Серёжа снова мотал головой.
— Ты ел чего? Ел?
Серёжа кивал утвердительно.
— Да ел он, ел, — вступал дядя Витя. — Ты, бля, думаешь, он бы молчал, если б не ел?
— Ел? — снова спрашивала мамка.
Серёжа кивал ещё раз.
— Ну смотри. А то доедим без тебя.
Они опрокидывали по новой.
— Но пить, Серёга, учиться надо! — подняв палец в небо, продолжал дядя Витя. — Мужик должен уметь пить. Потому что это в жизни пригодится. А то есть такие — не в то горло у них идёт — что это такое! Умей пить, если ты мужик!
Серёжа превращал робота в боевую машину. В очередной раз. Машина тоже не нравилась ему сегодня.
— Кать, ты музыку поставь какую-нито, ёб твою. А то сидим, бля, как на похоронах.
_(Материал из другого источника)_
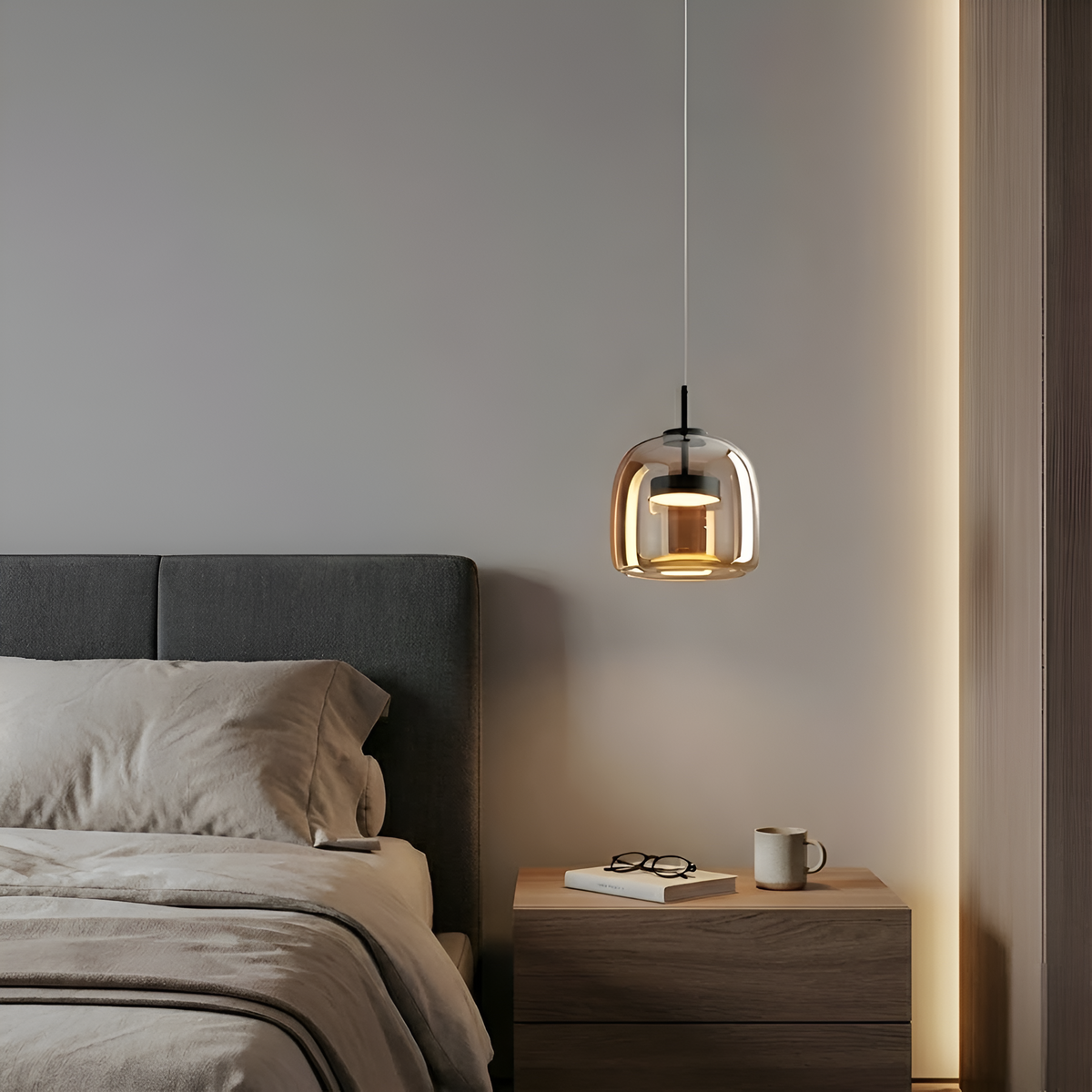 Підвісний світильник бурштиновий D-23 cm Led 9W 3000-6000K Black+Amber Jube 251231-100006782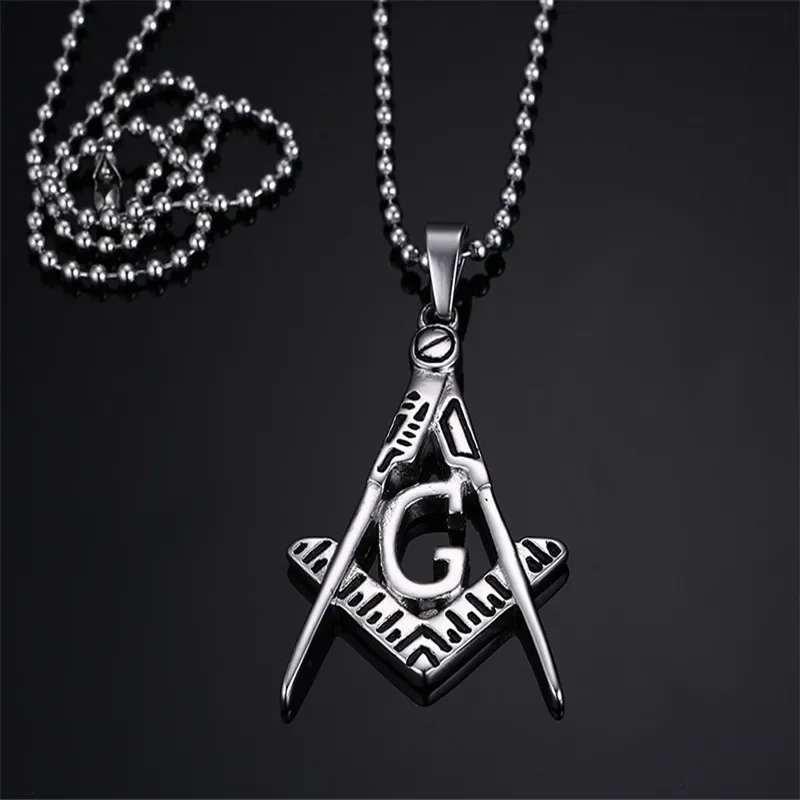 Vintage Men Necklace Freemason Letter Masonic Pendant Colar Stainless Steel Jewelry Collier Mens Jewellery Religious Necklaces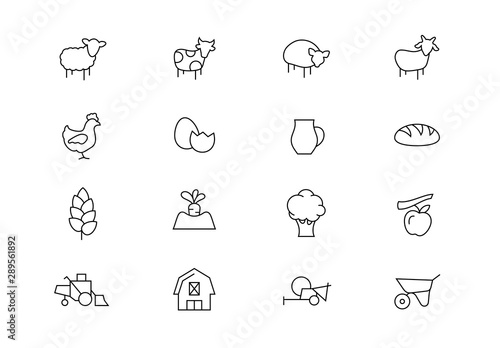 Farm thin line vector icons. Editable stroke
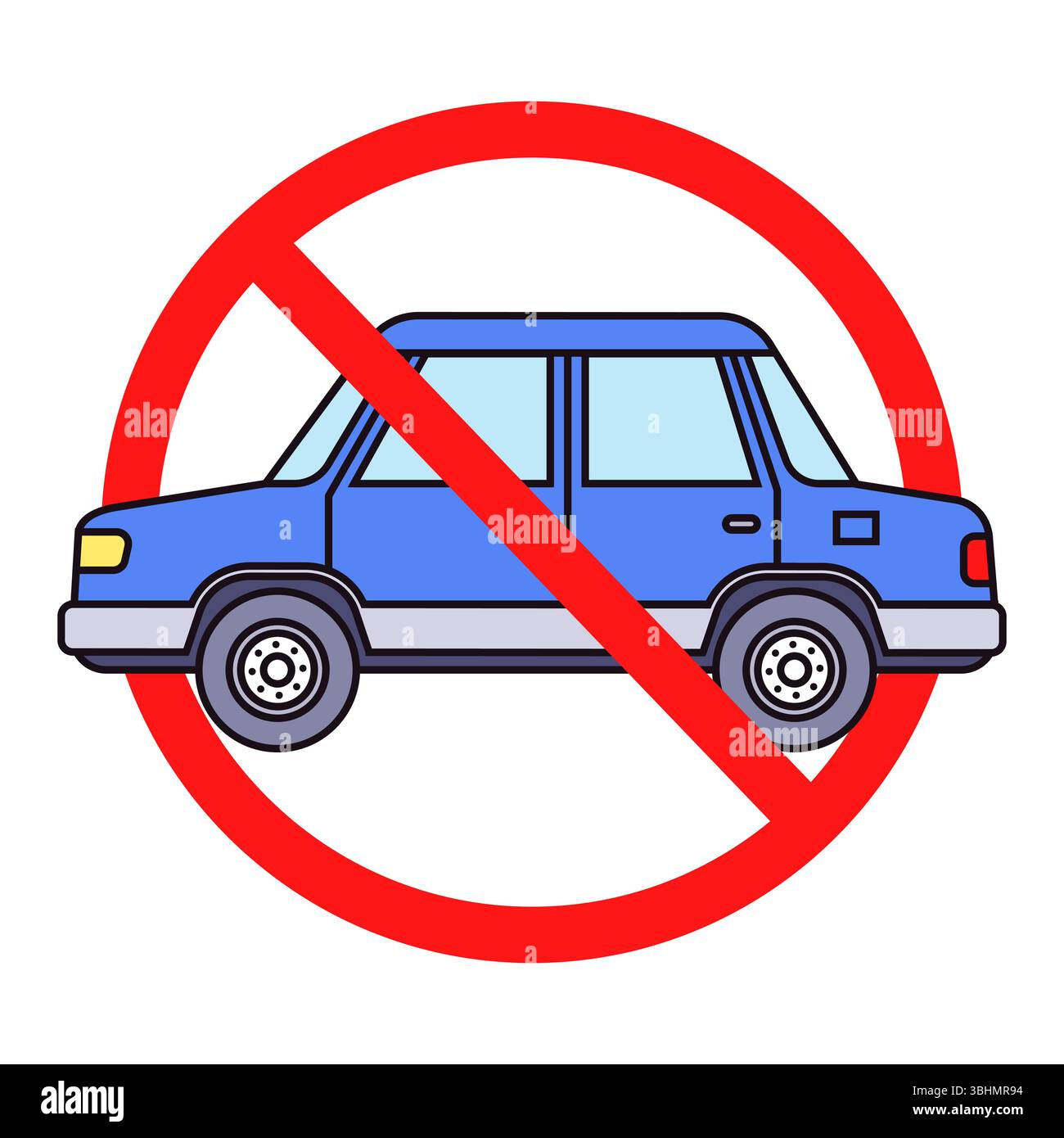 color icon car ban. flat illustration. Stock Vector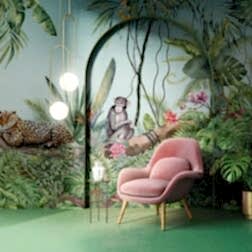 Tropikal Bitkiler Maymun ve Kaplan Duvar Kağıdı 3 DK0951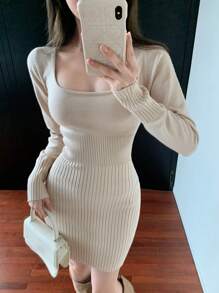 DAZY Women Square Neckline Long Sleeve Fitted Knitted Sweater Dress, Minimalist Style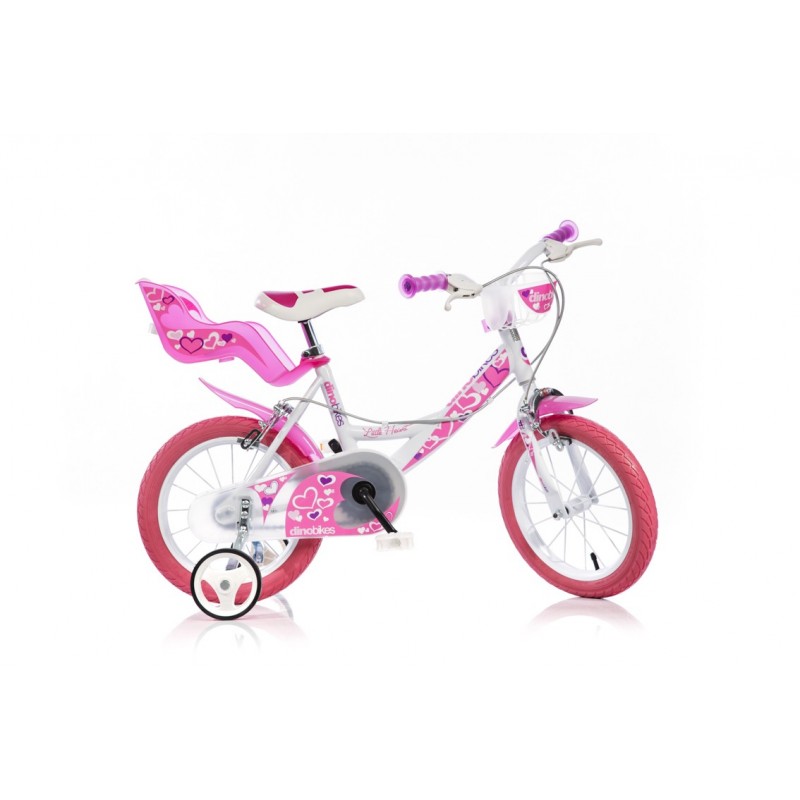 Bicicleta pentru fetite Dino Bike 144RN-05LH cu inimioare de marime 14", cu scaunel, cosulet, frana dubla si roti ajutatoare - 1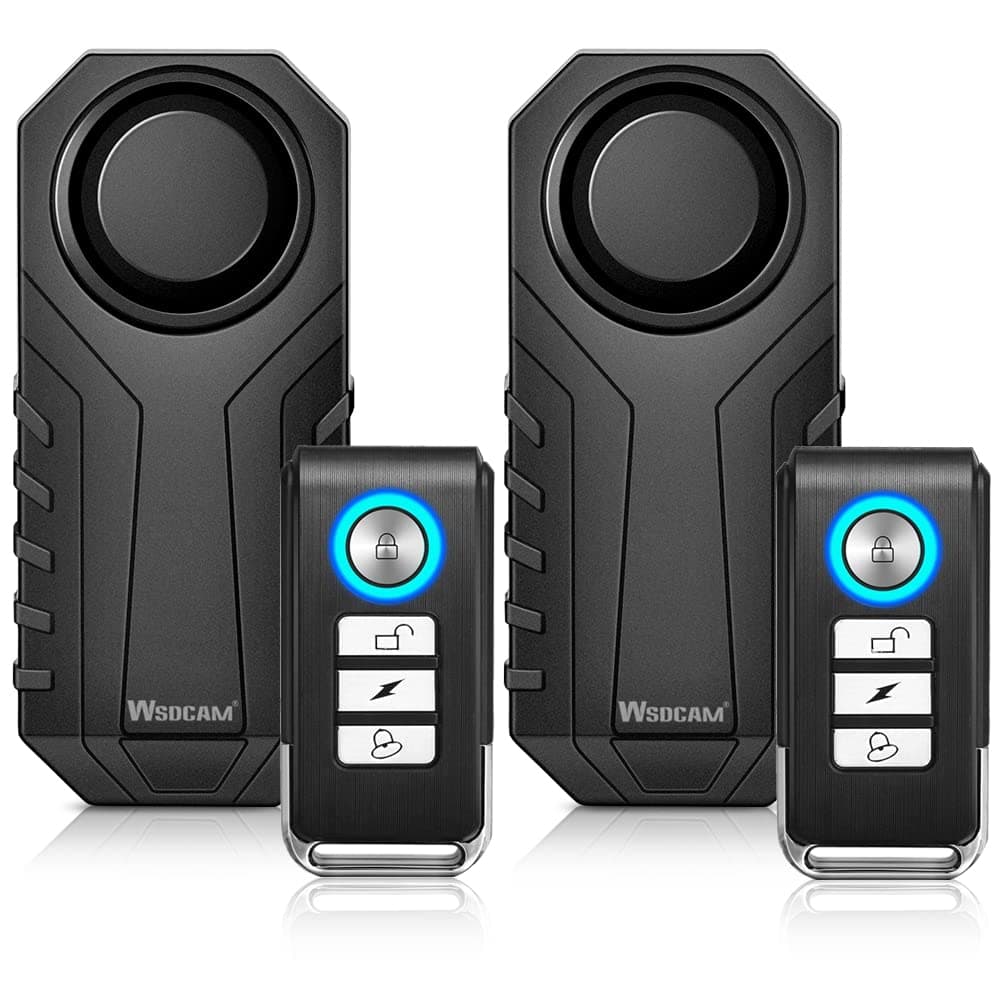 Bike Alarm with Remote 2 Pack, 113dB Wireless Anti-Theft Vibration Motorcycle Bicycle Alarm Vehicle Security Alarm System (Black)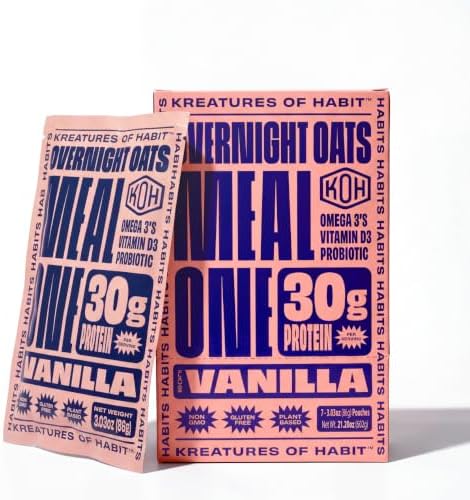 Kreatures of Habit Meal One Overnight Oats, Vanilla - 7 Pack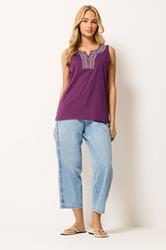 M&Co Berry Purple Embroidered Cotton Vest Top | M&Co 1
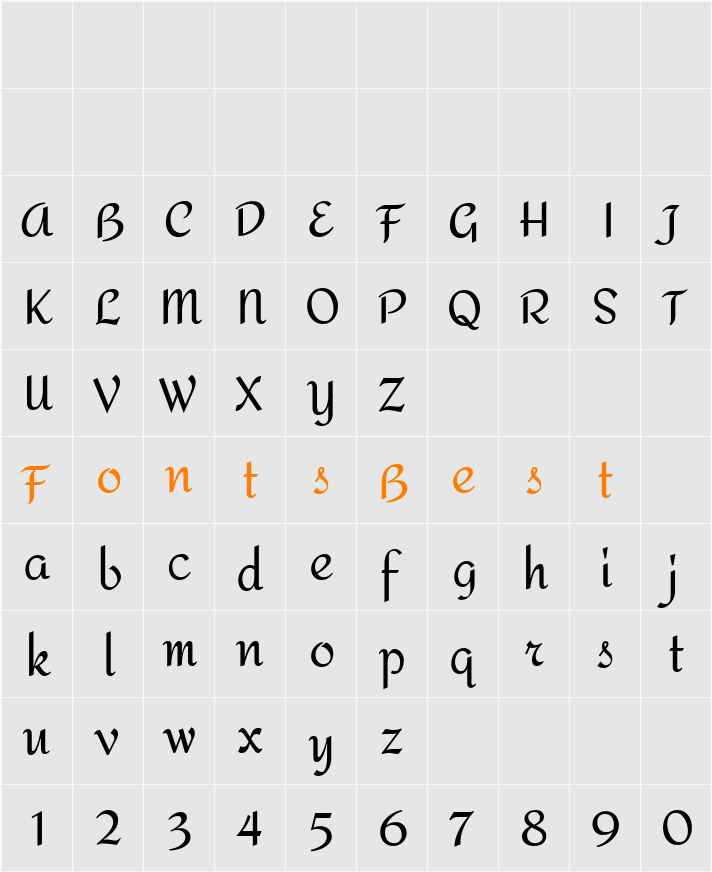 Amita Character Map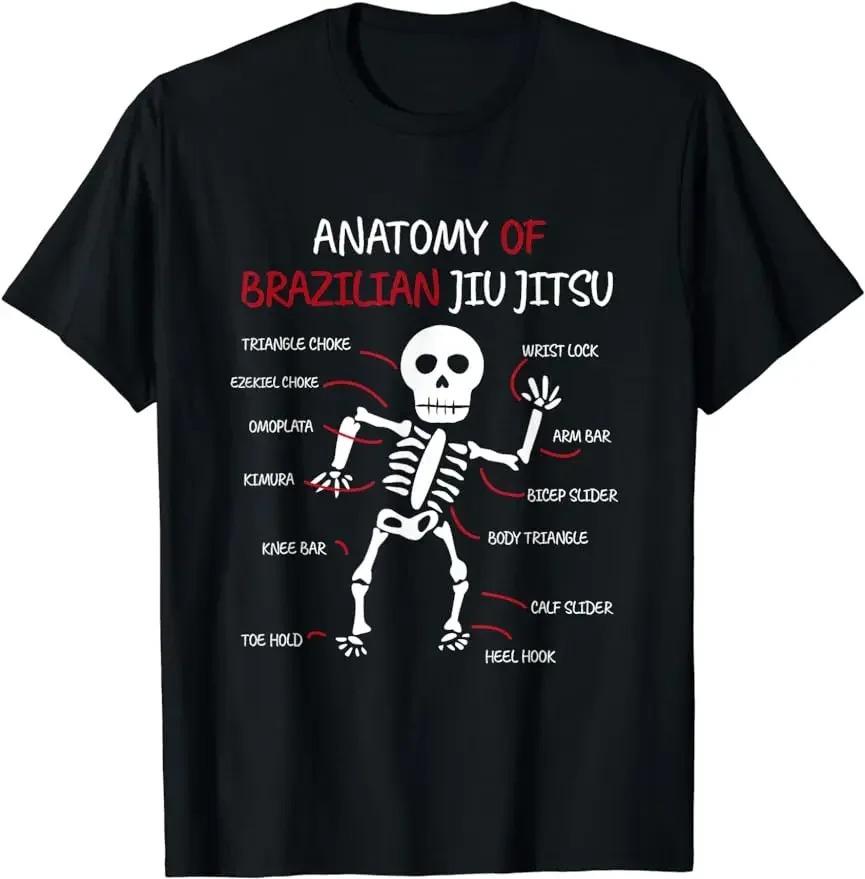 Jiu Jitsu Halloween Shirt Funny Anatomy Brazilian Jiu Jitsu T-Shirt Casual Tops Printed Y2K Men's Streetwear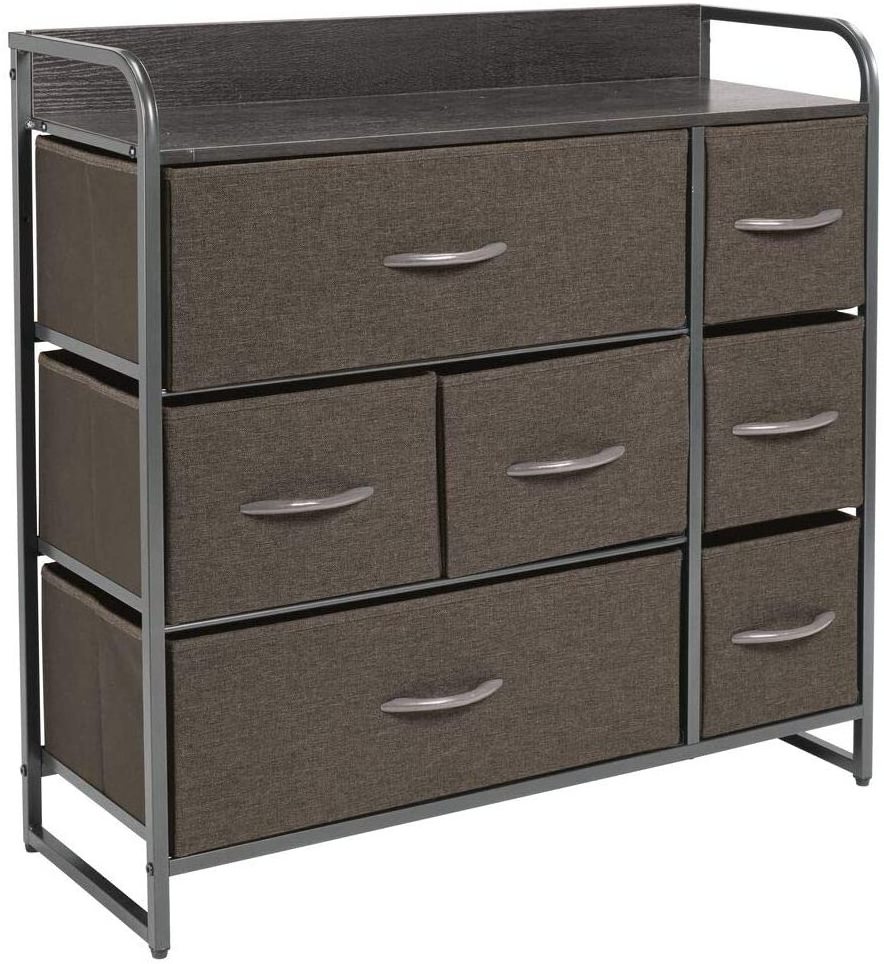 Sturdy Steel Frame Wooden handle Drawers Dresser with Shelves, Closet Organizers and Storage Dressers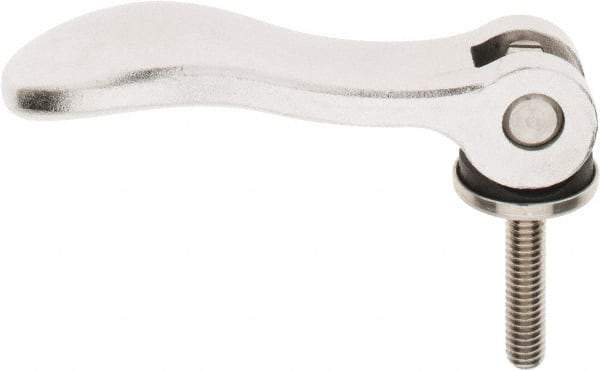 KIPP - 5/16-18, 1.06" Hub Diam, Stainless Steel Adjustable Clamping Handle - 1.57" Stud Length - Industrial Tool & Supply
— Точно, точно, — кивала мамка. — Магнитофон же есть.
Выбравшись из-за стола, она шла к серванту — магнитофон стоял здесь, под стеклом. Включив его и вывинтив громкость на максимум, возвращалась назад.
— У-у-ух! — приплясывала в такт песне.
— Ну-ка, иди сюда, — притягивал её к себе дядя Витя. — Садись.
Садил к себе на колени. Опускал ладонь на титьку.
— Чё, как ты?
— Чё как я?
— Ну, того.
— Убери руку.
Дядя Витя сжимал её крепче.
— Убери, ребёнок смотрит!
— Хули он смотрит. Всё равно ничего не понимает.
— Не смотри, Серёж, не смотри! — хохоча, махала рукой мамка. И прикрывала подол — дядя Витя лез и туда.
— Да ну тихо ты, тихо! — убирала она его руки. — Не сейчас.
— А когда?
— Уложить его надо.
— Ну так укладывай, ёб твою.
— Обожди, обожди.
Освободившись всё же, мамка садилась на свой табурет.
— Щас соседка прибежит, — говорила.
— А мы ей пизды вломим! Где она, за стенкой? Эй, дура ёбаная, пизды хочешь?
— Тише! Тише!
— Что тише? Мы и так, блядь, тише некуда. Серёга! Иди-ка сходи к соседке, скажи, что если она чем-то недовольна, дядя Витя ей пизды даст. Иди, иди.
— Да не выдумывай ты! — орала мамка. — Чё он ей там скажет? И не мешает она пока.
— Я ей помешаю! Кстати, чё это у ней две комнаты, а у тебя одна?
— Такк… Она ведь не чета нам. Благородная какая-то. И родственников кучу прописала. Живёт одна. Я с ребёнком вот в одной комнате, а она в двух.
— Несправедливо! — возмущался дядя Витя.
— Несправедливо, конечно! Только докажи, попробуй.
— Ты, Серёга, как-нибудь придуши соседку, — ржал дядя Витя. — Петельку на неё накинь, и всё. Или масло пролей в коридоре. Она ёбнется и сдохнет. У вас трёхкомнатная тогда будет.
Серёжа клал голову на подушку. Закрывал глаза.
— Спать хочешь? — спрашивала мамка. — Ну давай, раздену тебя. Уложу. К стене, к стене поворачивайся.
— Ты, Серёга, лучше бы бабу завёл. А то с роботом — это, блядь, гомосексуализм какой-то, — трясся от смеха дядя Витя.